27.6 The Broker shall not be liable for any loss incurred by the Client, directly or indirectly, with respect to the Account or trading in Futures and Options due to government restriction, suspension of trading, wars, strikes or any other event beyond the control of the Broker.
28. General 一般规定
28.1 These terms and conditions and the Circular to Clients relating to the Personal Data (Privacy) Ordinance issued by the Broker may be amended, supplemented or revised by the service of a notice in writing to the Client by the Broker and such amendment, supplement or revision shall be applicable as from the date specified in such notice.
28.2 If the Broker fails to meet its obligations to Client pursuant to this Agreement, Client shall have a right to claim under the Investor Compensation Fund established under the Securities and Futures Ordinance, subject to the terms of the Investor Compensation Fund from time to time.
28.3 To the extent permitted by law, the Broker may from time to time amend any of the terms and conditions of this Agreement without prior notice to or approval from the Client and such amendments shall come into effect immediately upon Client’s deemed receipt of the Broker’s notice. The Client acknowledges and agrees that if Client does not accept any amendments as notified by the Broker from time to time, the Client shall have the option to terminate this Agreement by giving written notice to the Broker. Unless otherwise stated, an amendment to any provision of this Agreement shall not affect the other provisions of this Agreement.

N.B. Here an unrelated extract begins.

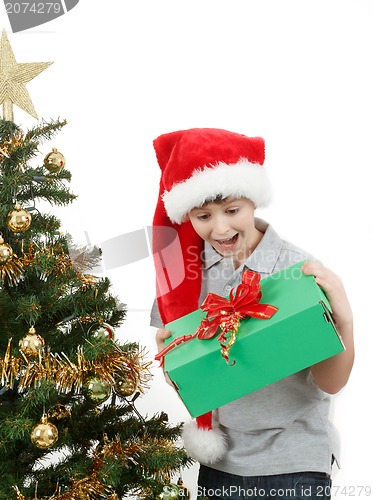 Image of happy boy in santa hat surprised by christmas present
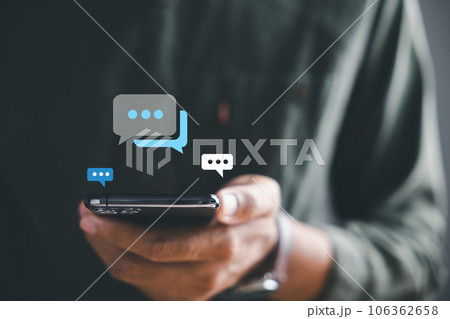 Man smartphone becomes portal for live chat engagement, representing social networking and chatting concepts. Chat box icons highlight interplay of communication and modern technology. 106362658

28.4 The headings for each provision, clause or term of this Agreement are merely descriptive and shall not be deemed to modify or qualify any of the rights or obligations set forth in each of such provision, clause or term.

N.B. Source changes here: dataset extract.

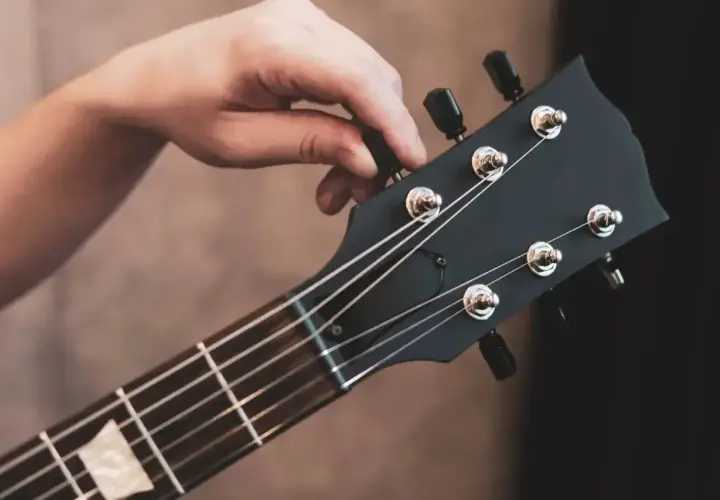 Dłoń kręci kluczem, strojąc gitarę. Słychać czysty dźwięk e, gotowy do gry.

28.5 The Client may not assign, transfer or amend this Agreement or otherwise dispose of rights or obligations hereunder without the prior written consent of the Broker. The Broker may assign, transfer or otherwise dispose of all or any of its rights or obligations to any other person as it thinks fit. All the provisions of this Agreement and all instructions given to the Broker under this Agreement shall survive any changes or successions in the Broker’s business and shall be binding upon the Client’s successors and permitted assigns.
28.6 Each of the provisions of this Agreement is severable and distinct from the other and, if one or more of such provisions is or becomes illegal, invalid or unenforceable, the remaining provisions shall not be affected in any way.

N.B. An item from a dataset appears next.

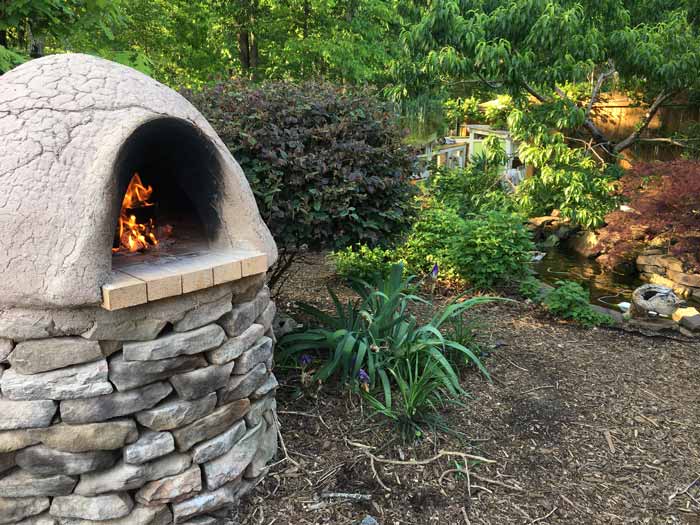 Our back yard in summer during a cob oven cook. You can see our ducks swimming in their pond in the background underneath a large peach tree. Behind that, you can make out part of the 6' tall wood fence.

28.7 Client confirms that Client have read and agrees to the terms of this Agreement, which have been explained to Client in a language that Client understands.
28.8 In the event of any difference in interpretation or meaning between the Chinese and English version of this Agreement, Client agrees that the English version shall prevail.
28.9 The rights, powers, remedies and privileges in this Agreement are cumulative and not exclusive of any rights, powers, remedies and privileges provided by law.
28.10 This Agreement is governed by, and may be enforced in accordance with the laws of Hong Kong.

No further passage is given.